Current Exhibition

Kelly O'Connor: Deepfake

Fri, Mar 8, 2024 → Sat, Apr 27, 2024

  • Opening reception: Fri, Mar 8, 6:00 - 8:00 pm

Kelly O'Connor

Over the span of fifteen years, Kelly O’Connor has employed an inventive approach to her collage works and site-specific installations that challenges utopian ideals of Western folklore and popular culture. Her imagery often appropriates photographs of familiar, iconic scenes and memorabilia which she dissects through a critical lens. For this exhibition, she focuses on imagery of fabricated environments produced for mass consumption in the early days of technicolor pictures, such as The Wizard of Oz, and theme parks created by the Walt Disney Company.

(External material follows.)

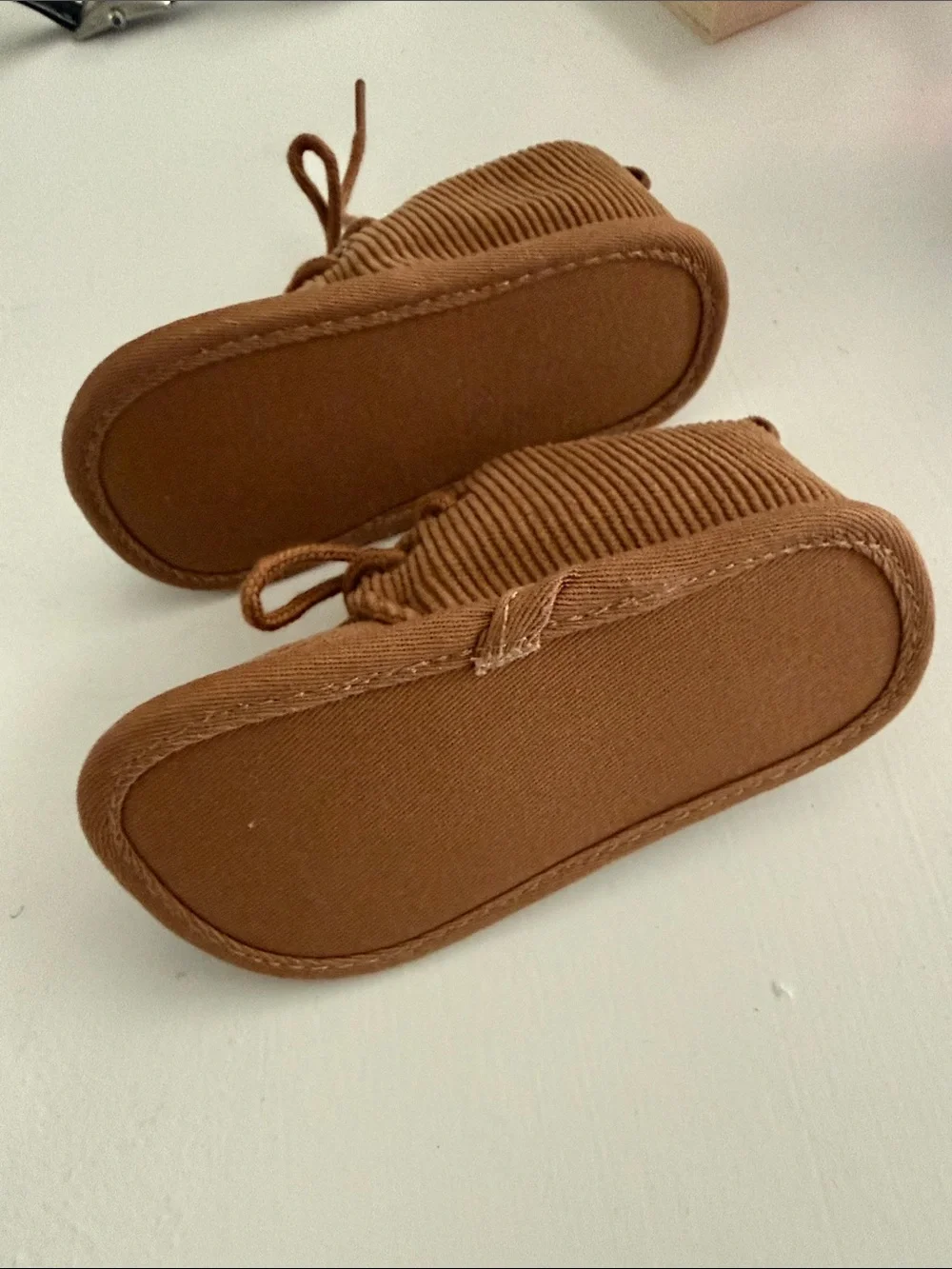 Kids Corduroy Lace-Up Shoes in Brown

The exhibition’s title, Deepfake, references various meanings of “deep”. Deep as in slang, interpreted to be authentic or difficult to understand. Deep in the physical sense, extending far down from the top or surface. Deep in a literary sense, very intense or extreme. Deepfake, a more recent, particular type of Artificial Intelligence. Each of these definitions inform the conceptual structure of the exhibition in which the work delves into perceptions of authenticity, identity, and shared experience through popular media and cultural engagement.

Much of O’Connor’s work aims to expose the realities behind enduring facades and fabricated environments that impact our collective psyche. “The intent of my work is to challenge the trickery of ‘the man behind the curtain’ who is pulling the strings, while also embracing the incredible influence these stories and environments have on our individual and generational memories and ideals,“ she states. For example, In her Wizard of Oz-inspired works — Duality of Glenda (The Good Witch vs. The Good Fairy), Garden of Earthly Delights, and Vertigo — the reflections of images create mesmerizing symmetrical patterns that unfold on one another like a Rorschach Test, mimicking the metaphorical nature of the lore.

O’Connor was not raised in a family that visited museums or had discussions about art; rather, she was immersed in an environment of craft, particularly quilting and cross stitch. Reflecting on this, O’Connor says, “My mother was an avid crafter who was often working on samplers and quilts. This piecing together of shapes informed many of the processes employed in my collages and how I build my compositions.” Indeed, O’Connor’s collages are constructed much like a quilt, but in which digital and physical elements are assembled and layered into the formation of her compositions. The use of reflective surfaces such as mirrors, foil, glitter, and gilded paper catch light and make what is two-dimensional feel three-dimensional. This sense of movement through light creates a perception of time, ambiguity, and an immersive experience for the viewer.

Bio

Kelly O’Connor was born in 1982 in San Antonio. She earned her BFA from the Visual Arts School at the University of Texas at Austin in 2005, with a focus on site-specific installation, sculpture, and photography.

She was included in the 2007 Texas Biennial and featured in New American Paintings in 2013. In 2012, O’Connor received a grant from the Artist Foundation of San Antonio, which she utilized for her solo exhibition titled “The Last Resort” at Women in Their Work in Austin, TX, in 2013.

O’Connor’s artwork has been showcased in numerous exhibitions at museums across Texas. In 2015, she was commissioned by The Blaffer Art Museum at the University of Houston to create a site-specific installation. In 2020, The McNay Art Museum commissioned her to create a site-specific installation for the AT&T Lobby of their contemporary wing. O’Connor’s work has also been exhibited at Ballroom Marfa (2007), Blue Star Contemporary Art Center (2009), McNay Art Museum (2015 and 2023), Tyler Art Museum (2017), Sam Houston State University (2015), and San Antonio Museum of Art (2016). Institutional collections that hold her works include The Ford Foundation, New York, NY; The City of San Antonio, and the McNay Art Museum.